#### [Task objective]
Each line from the one that contains "Stadtkirche am Abend Stadtkirche am Abend" to the last line of the records below must be restated word for word.

START Input material

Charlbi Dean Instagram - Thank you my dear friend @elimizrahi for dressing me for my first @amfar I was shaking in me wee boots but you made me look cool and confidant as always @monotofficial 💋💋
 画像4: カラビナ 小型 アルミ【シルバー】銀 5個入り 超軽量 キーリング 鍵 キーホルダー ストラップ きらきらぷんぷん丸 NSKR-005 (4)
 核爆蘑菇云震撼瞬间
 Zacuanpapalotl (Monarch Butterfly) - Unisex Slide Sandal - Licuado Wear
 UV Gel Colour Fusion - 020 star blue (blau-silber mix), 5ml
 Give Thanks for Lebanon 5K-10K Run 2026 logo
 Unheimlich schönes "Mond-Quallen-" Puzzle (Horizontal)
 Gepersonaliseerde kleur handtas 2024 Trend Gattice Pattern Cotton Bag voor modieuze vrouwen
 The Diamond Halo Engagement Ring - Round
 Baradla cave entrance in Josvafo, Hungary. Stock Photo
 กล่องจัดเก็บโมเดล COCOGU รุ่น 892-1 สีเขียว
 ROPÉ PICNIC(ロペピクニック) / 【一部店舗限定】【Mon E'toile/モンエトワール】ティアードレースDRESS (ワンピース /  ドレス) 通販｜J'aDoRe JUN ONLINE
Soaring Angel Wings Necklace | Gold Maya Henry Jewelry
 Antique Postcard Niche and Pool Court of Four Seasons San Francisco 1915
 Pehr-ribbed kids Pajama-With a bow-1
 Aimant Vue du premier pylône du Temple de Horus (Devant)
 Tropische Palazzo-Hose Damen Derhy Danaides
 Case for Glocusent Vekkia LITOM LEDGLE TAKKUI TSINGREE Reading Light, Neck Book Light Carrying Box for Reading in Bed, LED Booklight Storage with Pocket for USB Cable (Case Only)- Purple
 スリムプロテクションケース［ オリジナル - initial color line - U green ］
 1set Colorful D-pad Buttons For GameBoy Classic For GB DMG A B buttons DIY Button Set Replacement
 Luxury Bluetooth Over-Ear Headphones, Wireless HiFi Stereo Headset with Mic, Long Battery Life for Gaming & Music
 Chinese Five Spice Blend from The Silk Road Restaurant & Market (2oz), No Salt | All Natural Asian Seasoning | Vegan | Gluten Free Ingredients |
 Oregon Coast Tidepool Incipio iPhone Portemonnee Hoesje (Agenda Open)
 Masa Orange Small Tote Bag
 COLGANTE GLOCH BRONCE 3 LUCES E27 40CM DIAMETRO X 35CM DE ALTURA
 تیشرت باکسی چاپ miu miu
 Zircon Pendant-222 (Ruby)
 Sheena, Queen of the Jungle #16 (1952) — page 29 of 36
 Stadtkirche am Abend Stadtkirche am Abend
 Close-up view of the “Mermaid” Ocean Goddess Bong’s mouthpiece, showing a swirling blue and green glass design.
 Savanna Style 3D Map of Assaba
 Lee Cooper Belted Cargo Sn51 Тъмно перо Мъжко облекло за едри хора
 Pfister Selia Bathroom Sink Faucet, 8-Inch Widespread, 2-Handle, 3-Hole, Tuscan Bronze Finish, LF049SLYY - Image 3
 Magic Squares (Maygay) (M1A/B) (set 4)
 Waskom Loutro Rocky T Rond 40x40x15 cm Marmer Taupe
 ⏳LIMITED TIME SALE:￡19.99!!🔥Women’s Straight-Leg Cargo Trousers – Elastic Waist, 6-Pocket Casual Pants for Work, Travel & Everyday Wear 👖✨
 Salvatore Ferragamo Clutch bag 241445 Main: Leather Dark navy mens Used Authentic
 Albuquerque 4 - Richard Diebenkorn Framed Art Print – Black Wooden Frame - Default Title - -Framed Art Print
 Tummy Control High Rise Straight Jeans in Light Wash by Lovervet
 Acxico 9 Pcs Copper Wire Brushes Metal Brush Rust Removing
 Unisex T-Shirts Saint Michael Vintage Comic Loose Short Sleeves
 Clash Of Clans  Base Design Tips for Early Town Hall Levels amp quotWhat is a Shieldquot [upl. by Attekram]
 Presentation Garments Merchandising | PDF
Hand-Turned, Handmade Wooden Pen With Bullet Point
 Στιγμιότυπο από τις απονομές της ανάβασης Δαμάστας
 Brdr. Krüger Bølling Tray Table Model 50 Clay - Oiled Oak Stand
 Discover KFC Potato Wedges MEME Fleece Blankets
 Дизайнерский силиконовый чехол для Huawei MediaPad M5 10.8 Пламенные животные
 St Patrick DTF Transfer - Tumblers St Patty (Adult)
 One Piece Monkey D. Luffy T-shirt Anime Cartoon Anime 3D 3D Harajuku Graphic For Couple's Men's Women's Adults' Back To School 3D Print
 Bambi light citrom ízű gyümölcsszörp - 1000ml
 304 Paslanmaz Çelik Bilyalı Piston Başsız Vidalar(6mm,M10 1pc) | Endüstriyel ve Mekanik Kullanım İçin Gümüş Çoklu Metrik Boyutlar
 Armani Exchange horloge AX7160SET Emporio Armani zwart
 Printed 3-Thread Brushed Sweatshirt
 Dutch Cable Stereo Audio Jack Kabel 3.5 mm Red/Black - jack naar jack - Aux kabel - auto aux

END Input material

#### [Task response]
 Stadtkirche am Abend Stadtkirche am Abend
 Close-up view of the “Mermaid” Ocean Goddess Bong’s mouthpiece, showing a swirling blue and green glass design.
 Savanna Style 3D Map of Assaba
 Lee Cooper Belted Cargo Sn51 Тъмно перо Мъжко облекло за едри хора
 Pfister Selia Bathroom Sink Faucet, 8-Inch Widespread, 2-Handle, 3-Hole, Tuscan Bronze Finish, LF049SLYY - Image 3
 Magic Squares (Maygay) (M1A/B) (set 4)
 Waskom Loutro Rocky T Rond 40x40x15 cm Marmer Taupe
 ⏳LIMITED TIME SALE:￡19.99!!🔥Women’s Straight-Leg Cargo Trousers – Elastic Waist, 6-Pocket Casual Pants for Work, Travel & Everyday Wear 👖✨
 Salvatore Ferragamo Clutch bag 241445 Main: Leather Dark navy mens Used Authentic
 Albuquerque 4 - Richard Diebenkorn Framed Art Print – Black Wooden Frame - Default Title - -Framed Art Print
 Tummy Control High Rise Straight Jeans in Light Wash by Lovervet
 Acxico 9 Pcs Copper Wire Brushes Metal Brush Rust Removing
 Unisex T-Shirts Saint Michael Vintage Comic Loose Short Sleeves
 Clash Of Clans  Base Design Tips for Early Town Hall Levels amp quotWhat is a Shieldquot [upl. by Attekram]
 Presentation Garments Merchandising | PDF
Hand-Turned, Handmade Wooden Pen With Bullet Point
 Στιγμιότυπο από τις απονομές της ανάβασης Δαμάστας
 Brdr. Krüger Bølling Tray Table Model 50 Clay - Oiled Oak Stand
 Discover KFC Potato Wedges MEME Fleece Blankets
 Дизайнерский силиконовый чехол для Huawei MediaPad M5 10.8 Пламенные животные
 St Patrick DTF Transfer - Tumblers St Patty (Adult)
 One Piece Monkey D. Luffy T-shirt Anime Cartoon Anime 3D 3D Harajuku Graphic For Couple's Men's Women's Adults' Back To School 3D Print
 Bambi light citrom ízű gyümölcsszörp - 1000ml
 304 Paslanmaz Çelik Bilyalı Piston Başsız Vidalar(6mm,M10 1pc) | Endüstriyel ve Mekanik Kullanım İçin Gümüş Çoklu Metrik Boyutlar
 Armani Exchange horloge AX7160SET Emporio Armani zwart
 Printed 3-Thread Brushed Sweatshirt
 Dutch Cable Stereo Audio Jack Kabel 3.5 mm Red/Black - jack naar jack - Aux kabel - auto aux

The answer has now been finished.